He was about to dial 999 when the phone buzzed. A message appeared.
Do not call the police.
He stared at it, his eyes wide. Dots scrolled under the message, and another appeared.
I repeat: tell no one and do not inform the authorities. I will know if you do and you will never see your children again.
More dots scrolled, then another message appeared.
My instructions will follow. Await them.
3
Matt stared at his phone. The man from the shop walked over to his side.
‘What is it?’ he said.
Matt did not want to answer. ‘It’s OK. I’m fine.’
The man tilted his head and looked at him sideways. ‘You don’t seem fine.’
‘I am. It’s just – I’m fine.’
‘Someone took your car with your kids in it, and you’re fine?’ He nodded at the phone. ‘What was that?’

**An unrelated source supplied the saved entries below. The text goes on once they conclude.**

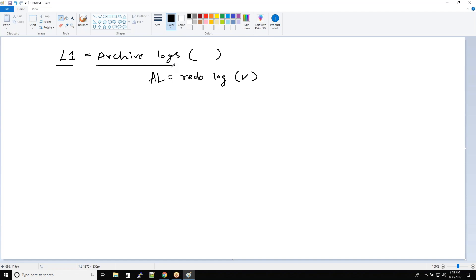Yes, yes. Okay. Now let us understand what mystery is going on over there. It's equal — a number of archive logs. It's a record of all transaction changes between from L0 or L1. Right, right. All right.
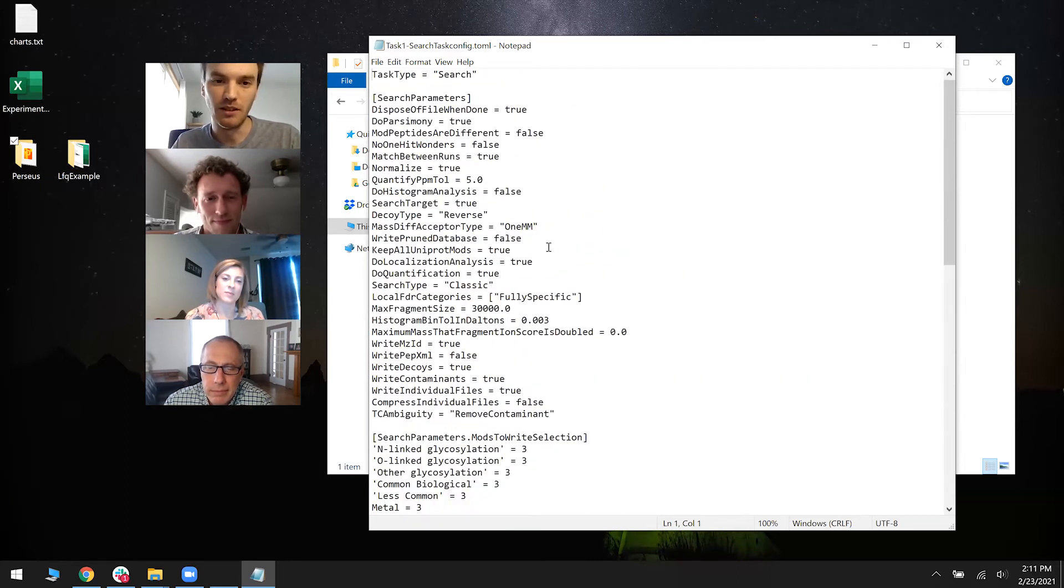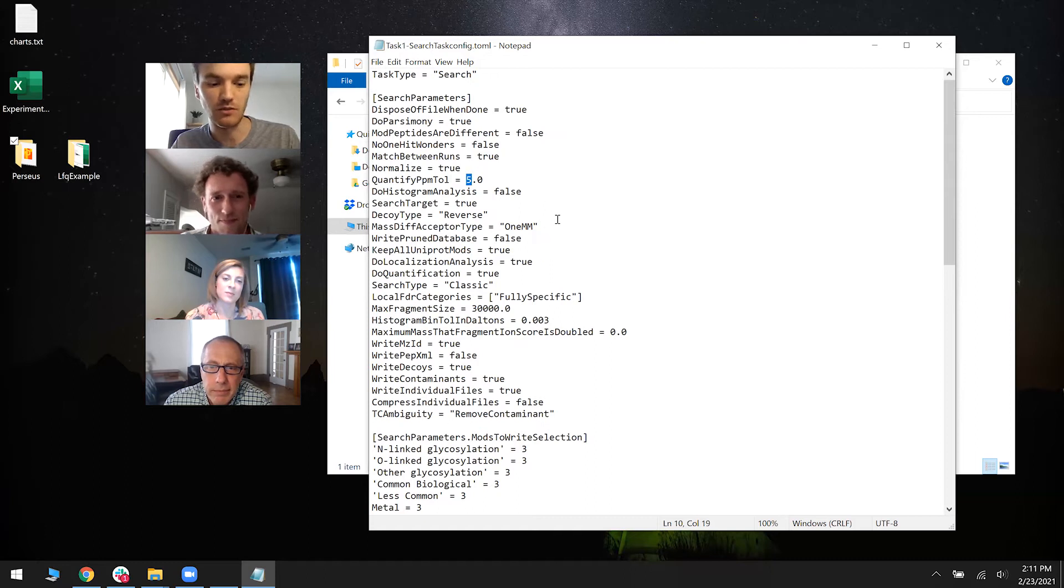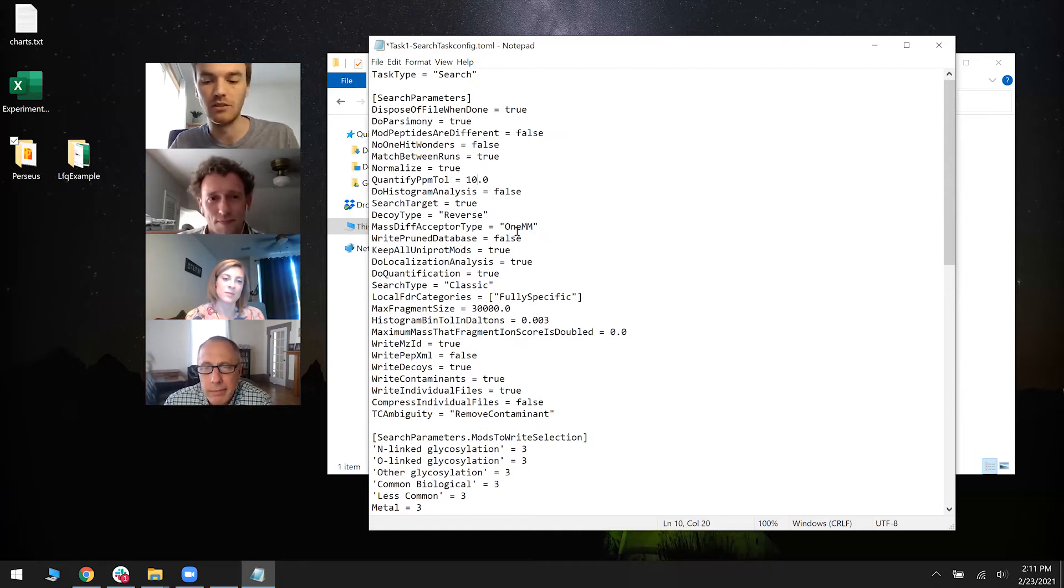But for example, if you wanted to change the PPM tolerance for quantification, you can make that 10 or whatever.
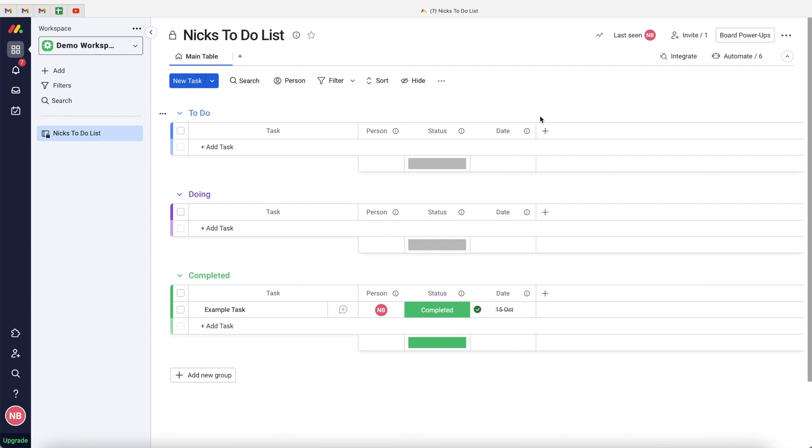We've now created a fully functioning, automated to-do list inside of monday.com with some really useful automations. Hopefully this video has shown you how to quickly and efficiently create a fully automated to-do list to manage all your tasks. If you enjoyed the video or found it useful, please consider giving it a like and subscribing. Drop a comment below or email me if you have any questions — details are in the description. Thank you so much for watching, see you in the next video!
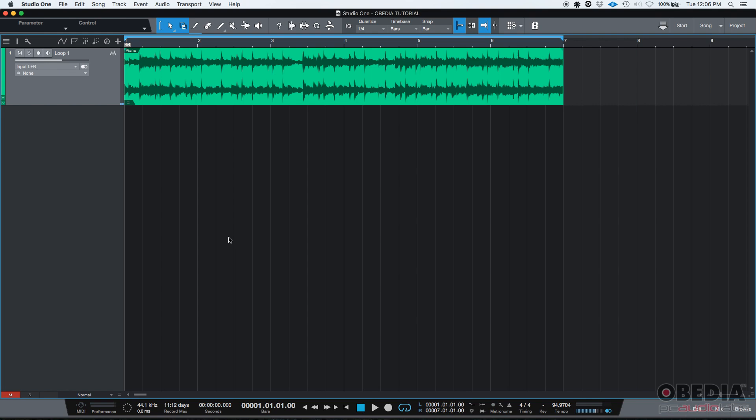Now we're going to apply parallel processing to demonstrate this and the parallel processor we're going to be using is the same bit crusher that we used on the previous tutorial.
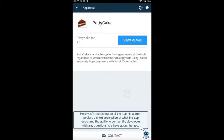Here you'll see the name of the app, its current version, a short description of what the app does, and the ability to contact the developer with any questions you have about the app.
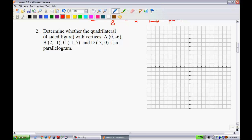We have A at (0, -6), B at (2, -1), C at (-1, 5), and D at (-3, 0). We're trying to figure out if the opposite sides of this figure are parallel or not.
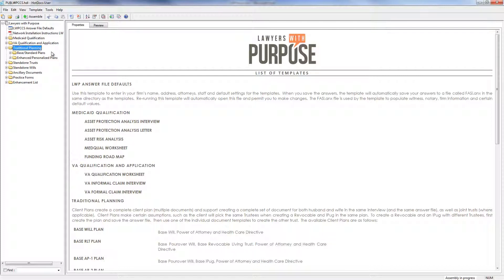Now one thing that will distinguish you from the cut rate guys is these have testamentary or standby trust for minor beneficiaries as well as a testamentary and standby trust for disabled beneficiaries. Most of those other plans won't have standby special needs trust provisions built right into the plan as a standard addition.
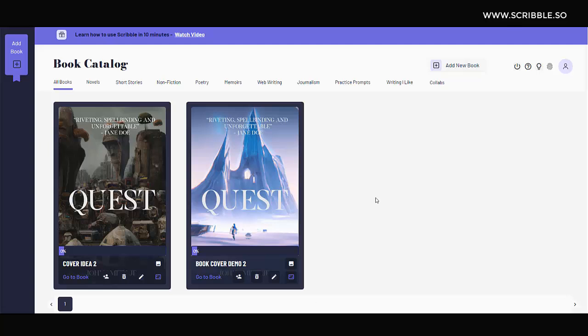In today's tutorial, we're going to look at how we created these book covers using AI book cover generation tools, book cover templates, and some creative thinking.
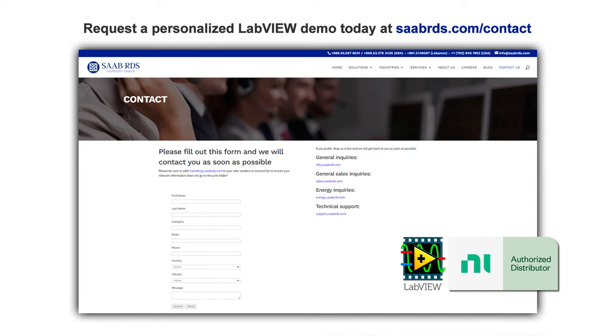Request a personalized LabVIEW demo today at saabrds.com/contact.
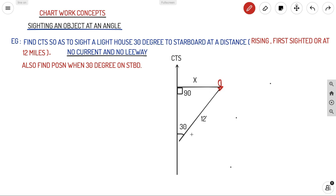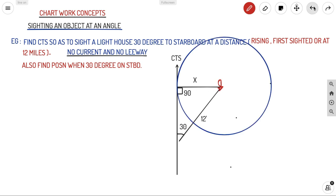This forms a 90-degree triangle, so we can use sine, cosine, or tangent formulas. Once you know the value of x, you draw a circle with radius x centered on the lighthouse. From your fix, you draw a tangent to that circle, and that tangent will be your CTS. So what you need is the radius of that circle — once you have it, you draw the tangent from your fix to get your CTS.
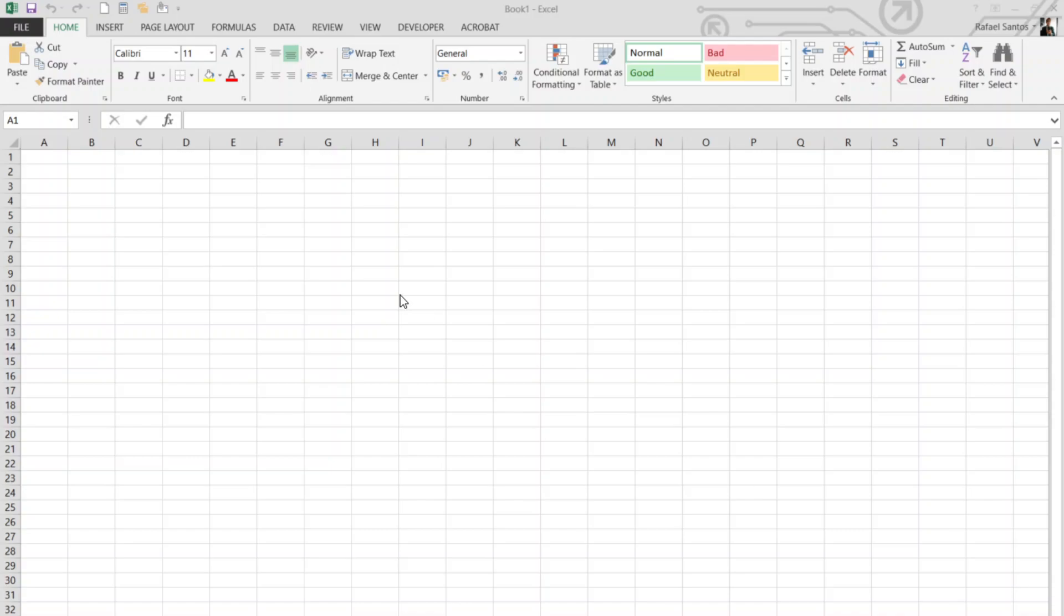In today's video I'm going to show you how to create a timestamp in your spreadsheet file to track any change that happens in your Excel file.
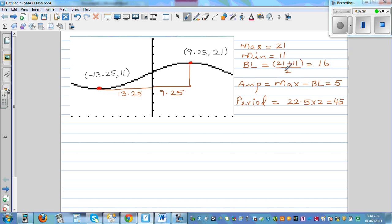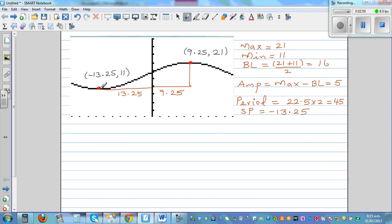With this information, we can write the equation. If we consider the starting point — the starting point is at x = minus 13.25 — if we move this 13.25 to the right, the whole thing becomes a basic sine curve. So this is a translated sine curve, shifted 13.25 to the left.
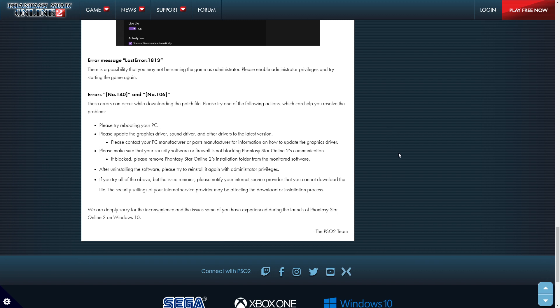Error message, last error 1813. There is a possibility that you may not be running the game as an administrator. Please enable administrator privileges and try starting the game again.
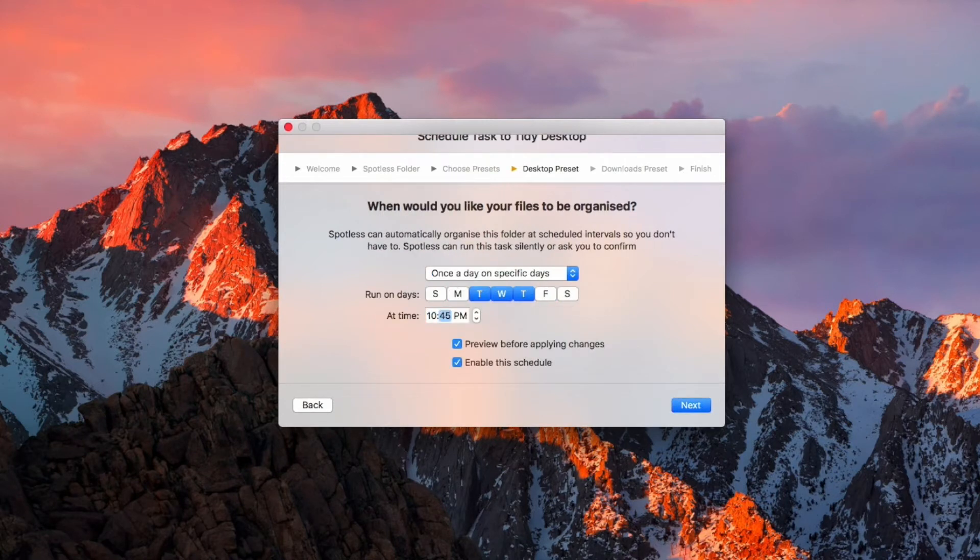And thereafter, you can delve deep into the powerful task and rule space system to extract any files that are deep rooted in your system. By teaching Spotless simple rules about your files and what to do with them, you can very easily get your hard drive looking, well, spotless.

Matt had no intention of telling him, because if he told him the man might take it upon himself to call the police, which Matt was not yet ready to do – he might be, soon, but he needed to think this through.
Which meant being alone.
‘Look,’ he said. ‘I appreciate the concern, but I promise. It’s all OK. That was their mum. She has them.’
The man shrugged. It was clear from his expression that he didn’t believe a word Matt was saying, but Matt didn’t care.
‘OK, mate,’ he said. ‘Whatever you say.’
He turned and walked back into the shop. Matt headed for a bus shelter a few yards up the road and sat on the bench.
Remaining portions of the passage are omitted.